Karachi, August 17, 2012:Karachi Electric Supply Company has very strongly and categorically rejected the one-sided, baseless, mala fide and defamatory allegations casted against KESC via a press release issued by the so called think tank, SDPI. Reference to the defamatory media press conference, it seems that SDPI is completely ignorant of facts and utterly prejudiced towards KESC. The mala fide report has exposed the shallowness and biasness of the self proclaimed think tank.The negative bias against KESC and the hidden nefarious agenda of SDPI, is evident from the fact that SDPI did not even consider it worthwhile to seek information from KESC despite an official offer and invitation by KESC. This isolated approach clearly shows the ulterior motives and proves that SDPI has fabricated this report on the behest of its masters.
The references of the so called research report made by SDPI in their press conference, seems to be a result of irresponsible and poor professional ethics of its authors.
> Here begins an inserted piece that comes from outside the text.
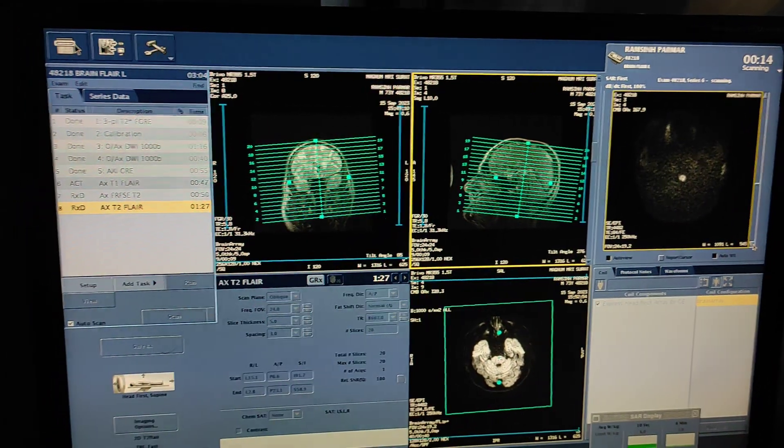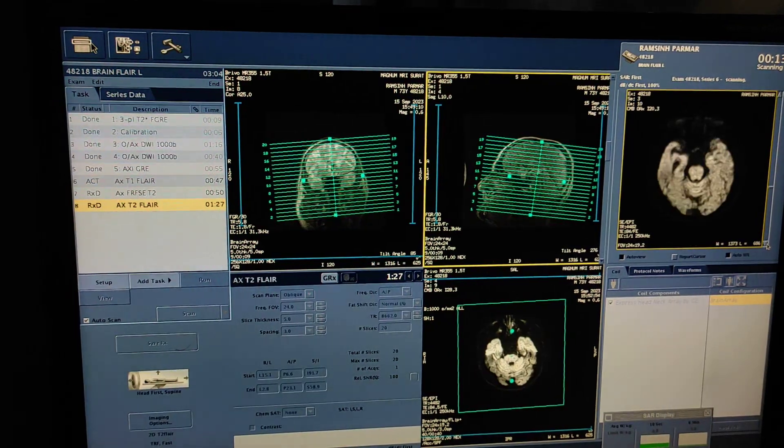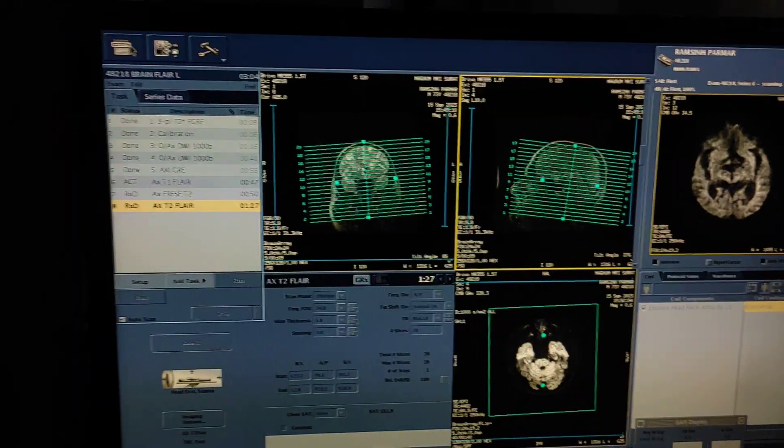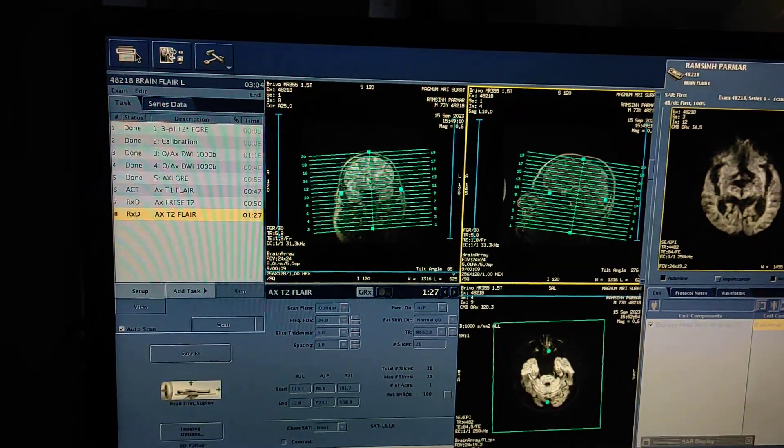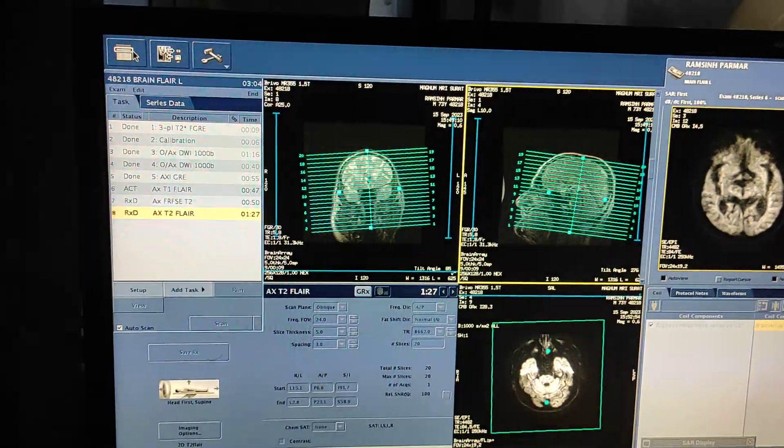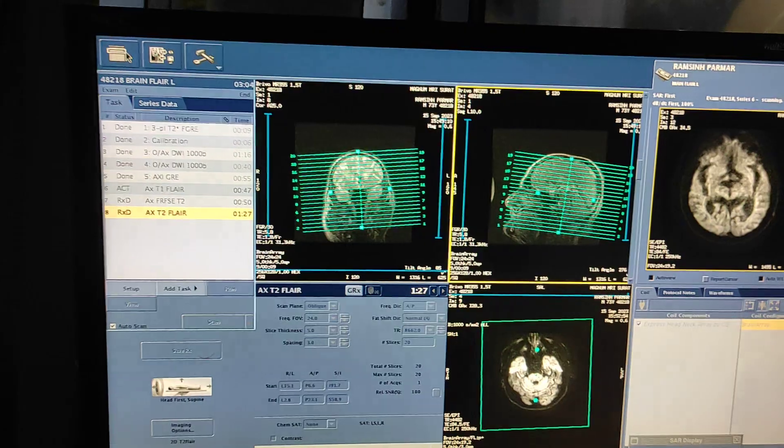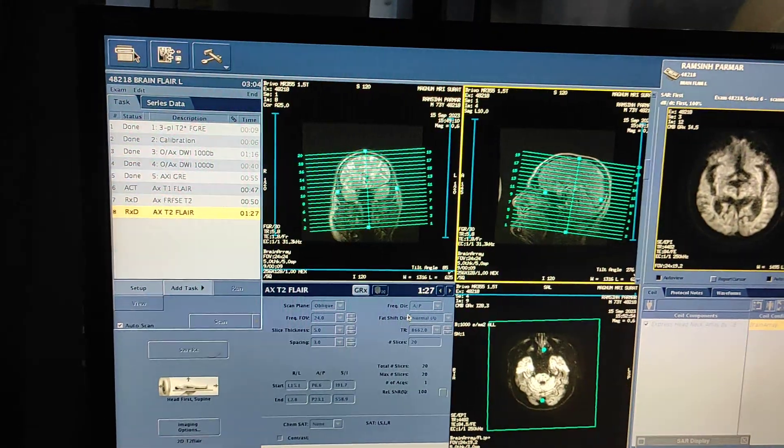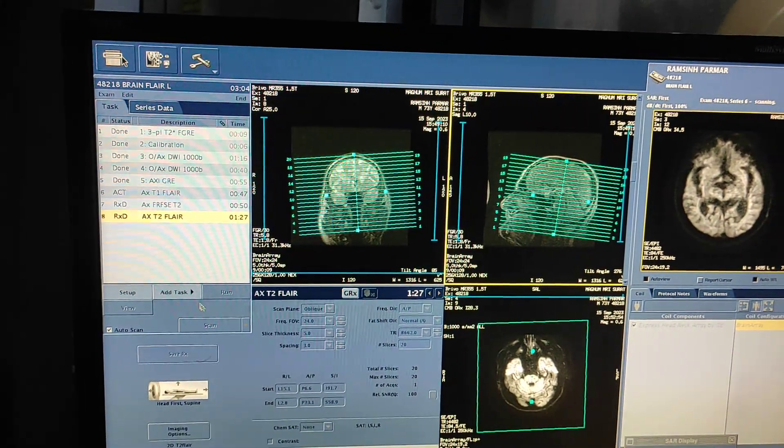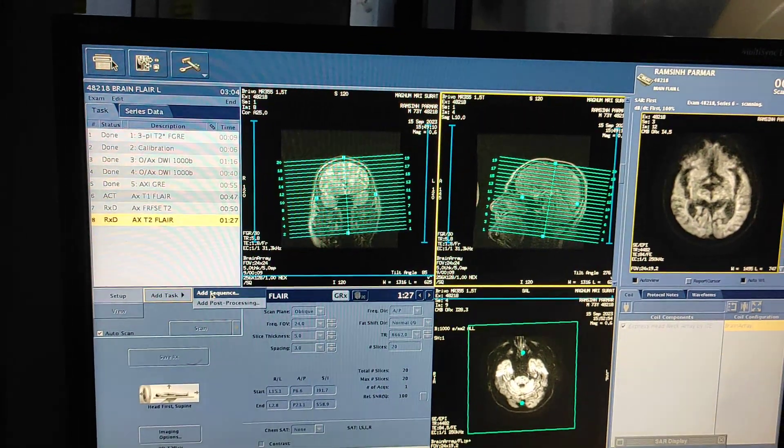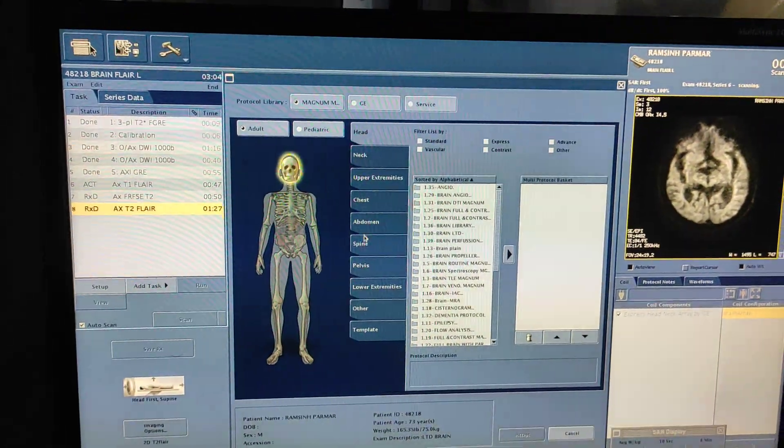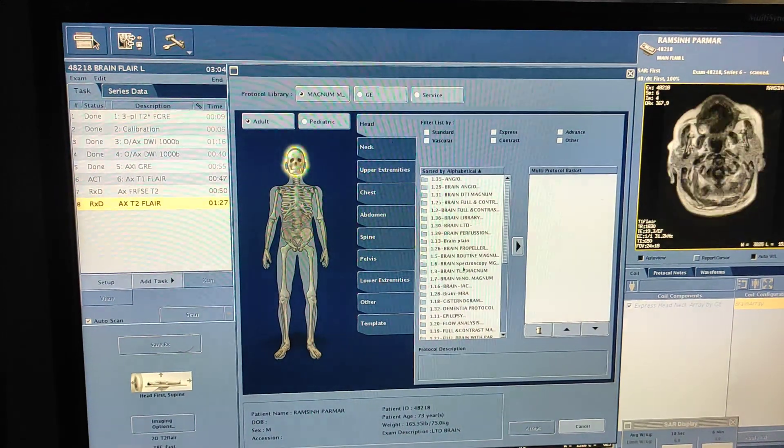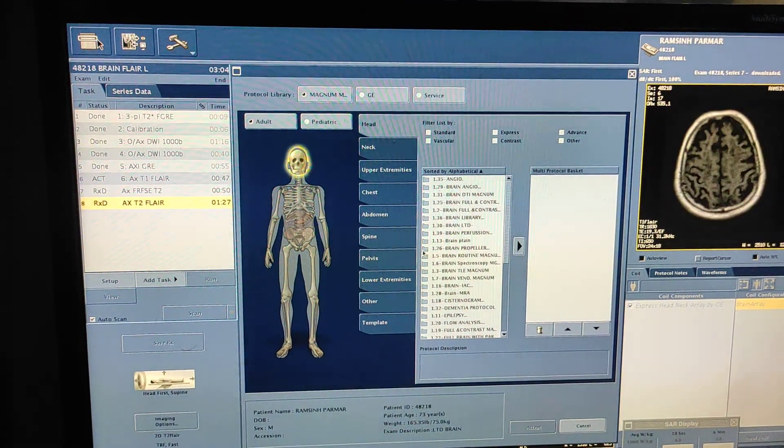In this case you have to use a propeller sequence. Propeller sequence is a motion correction sequence. So what I will do is I will go to the propeller protocol.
Even if SDPI for whatever reasons best known to them, did not wish to contact any KESC official, it could have gathered loads of factual information on KESC’s accomplishments from KESC’s website and published annual accounts duly audited by KPMG. However, this report clearly reflects that facts have been either twisted or concealed to present a distorted picture of KESC; with the sole intention to malign the success story being carved by the sole privatized power utility.
It is important to mention here that KESC, under its present management, has injected around USD 1.5 billion in shape of equity and debt. This includes USD 300 million of fresh equity that is part of the total USD 361 million investment, agreed and committed by the KESC management. It was only due to the credibility and professionalism of the management that IFC, ADB, OeKB, and local and foreign banks have shown confidence in KESC and provided funding for many completed and on-going projects. SPDI’s novice researchers could not get these easily verifiable facts because their report was to serve some other purpose. It is worthwhile to mention that KESC’s performance has been head and shoulders above the rest of the country and one finds it hard to see the so called “energy crisis” as mentioned by SDPI in its press statement.
It was due to this huge and unprecedented investment that KESC was able to add fresh generation capacity of 1,000 Megawatts in a short span of time, overhaul old plants and lay down new transmission lines, significantly enhance the distribution capacity and considerably improve its technical and service capability. Just to remind the ignorant SDPI, that the USD 450 Million, flagship gas-fired 560 MW power plant at Bin Qasim is already functional and its combined cycle efficiency is one of the best in the region, however, SPDI very conveniently ignore all these facts because the objective of their report was to twist facts.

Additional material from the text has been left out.